Sensual sauce. Souvenir classics.

in GEMS4 years ago

"Words are of air, and go to air,
My tears are water, and they go to the sea,
When a love dies
You know little girl where it's going,
You know where it goes girl. "

Willie Colon / Gitana.

Greetings friends of Steemit.

I remember that from a very young age for various personal reasons, I lived from city to city, from house to house, from place to place for a certain season, only compared to the same gypsies. Likewise, this brought advantages and disadvantages, among the main advantages was meeting new people, new ways of thinking, new ideals, new tastes that in some way influenced me.

Peru, which although it is an Andean country is characterized by its miscegenation, not only racial but also cultural, and of course the music does not escape this.
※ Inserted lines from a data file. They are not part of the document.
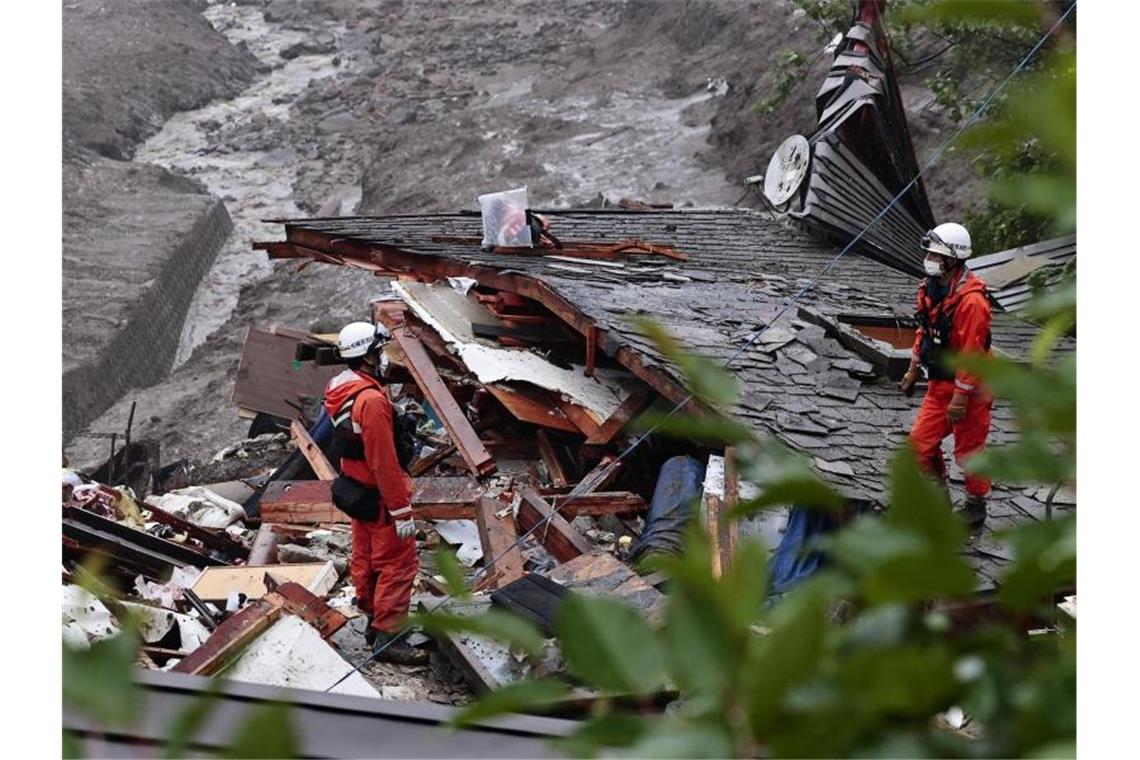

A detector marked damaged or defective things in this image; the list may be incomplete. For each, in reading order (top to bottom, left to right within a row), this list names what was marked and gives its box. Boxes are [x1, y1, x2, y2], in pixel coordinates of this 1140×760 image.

broken wooden beam [289, 419, 337, 478]
broken wooden beam [387, 328, 494, 476]
broken wooden beam [535, 428, 567, 487]
broken wooden beam [583, 391, 656, 446]
broken wooden beam [471, 496, 524, 592]
broken wooden beam [515, 487, 588, 565] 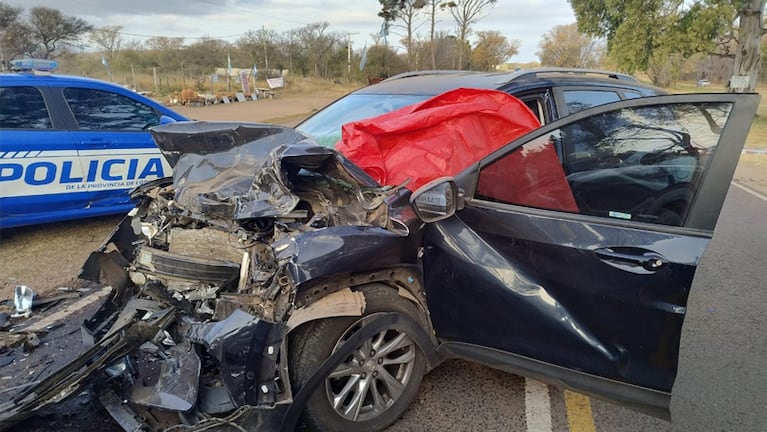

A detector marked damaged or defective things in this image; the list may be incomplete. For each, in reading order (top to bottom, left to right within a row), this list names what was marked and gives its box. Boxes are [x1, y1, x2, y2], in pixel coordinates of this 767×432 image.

crushed front end [0, 122, 416, 432]
crumpled hood [148, 122, 376, 221]
wrecked dark suv [0, 88, 756, 432] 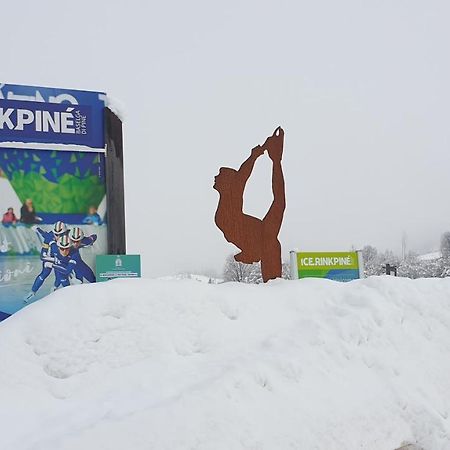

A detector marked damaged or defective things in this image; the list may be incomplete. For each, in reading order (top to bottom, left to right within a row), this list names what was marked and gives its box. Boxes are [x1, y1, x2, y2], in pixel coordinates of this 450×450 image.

rusty metal sculpture [214, 126, 284, 282] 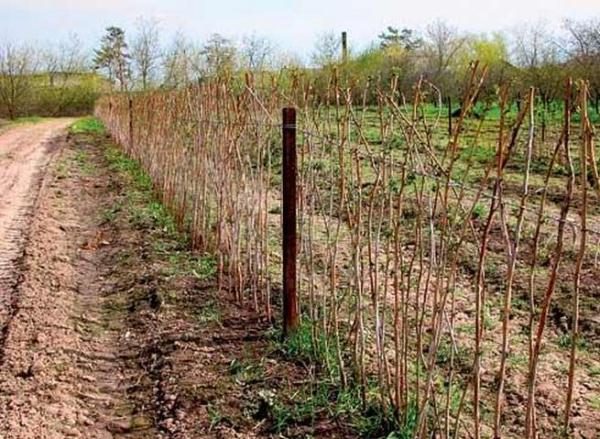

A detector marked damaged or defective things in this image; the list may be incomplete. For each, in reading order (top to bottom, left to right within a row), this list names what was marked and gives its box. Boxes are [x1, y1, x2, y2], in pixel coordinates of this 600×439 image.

rusty fence post [282, 106, 298, 336]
It is so, that within these new tastes, music was a field that surprised me because as a child I will have heard all genres (own and foreign), without prejudice, that I unknowingly became a music lover.
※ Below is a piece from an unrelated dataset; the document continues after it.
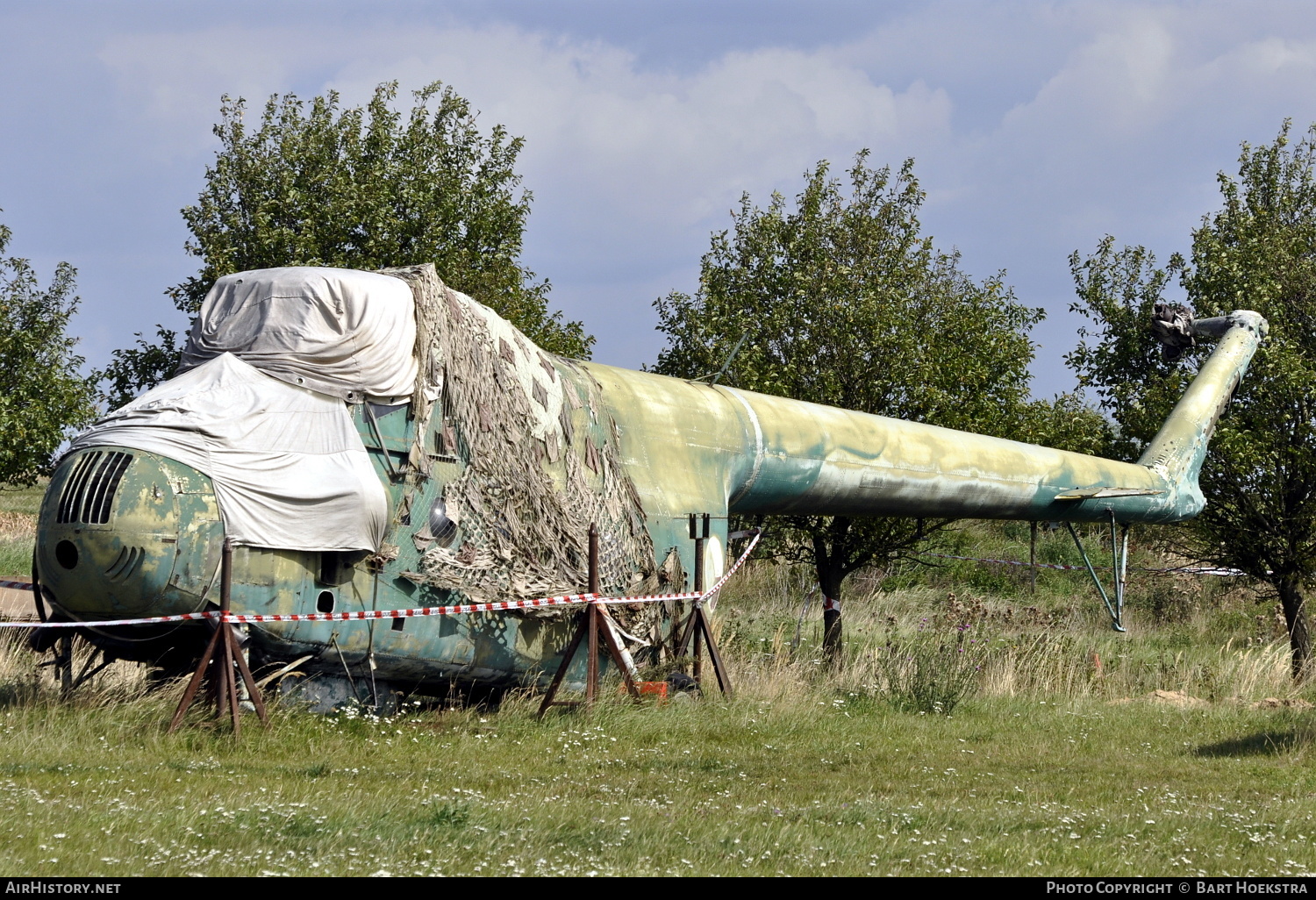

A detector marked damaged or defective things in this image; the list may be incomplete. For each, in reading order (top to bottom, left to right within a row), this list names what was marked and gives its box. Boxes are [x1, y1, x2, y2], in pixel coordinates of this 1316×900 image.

rusty steel stand [169, 537, 272, 737]
rusty steel stand [537, 521, 645, 716]
rusty steel stand [669, 513, 732, 695]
If we review my previous post, you will appreciate some dedicated to music, each one of a different genre. This time I want to make a small compilation of music and singers that made great a genre that has accompanied us during good and bad times, the "sensual Salsa"; that until today this sauce camouflages our romanticism with those danceable and seductive rhythms.

When I started this post I shared a fragment of the lyrics of the song, Gitana, by Willie Colon to see if you, like me, noticed when you heard it so many times, the similarity (practically the same) that it has to some verses by Gustavo Adolfo Becquer , Rhyme XXXVIII to be exact, observe and draw your conclusions:

Sighs are air and go to the air!
Tears are water and go to sea!
Tell me, woman, when love is forgotten,
Do you know where it goes?

Now, I make this simile appear not with the intention of criticizing, but, quite the contrary; I wish today's music and songs, those massive genres especially, would copy existing cool lyrics and complement what they call music. Although I am also of this generation, although in my house I do not hear the massive genres, I have to admit that I do enjoy that music in society, but you always want more. However, that did give us the sauce of yesteryear, with sensual lyrics, dances close to romance and melodies that inspired us in the art of seducing and loving.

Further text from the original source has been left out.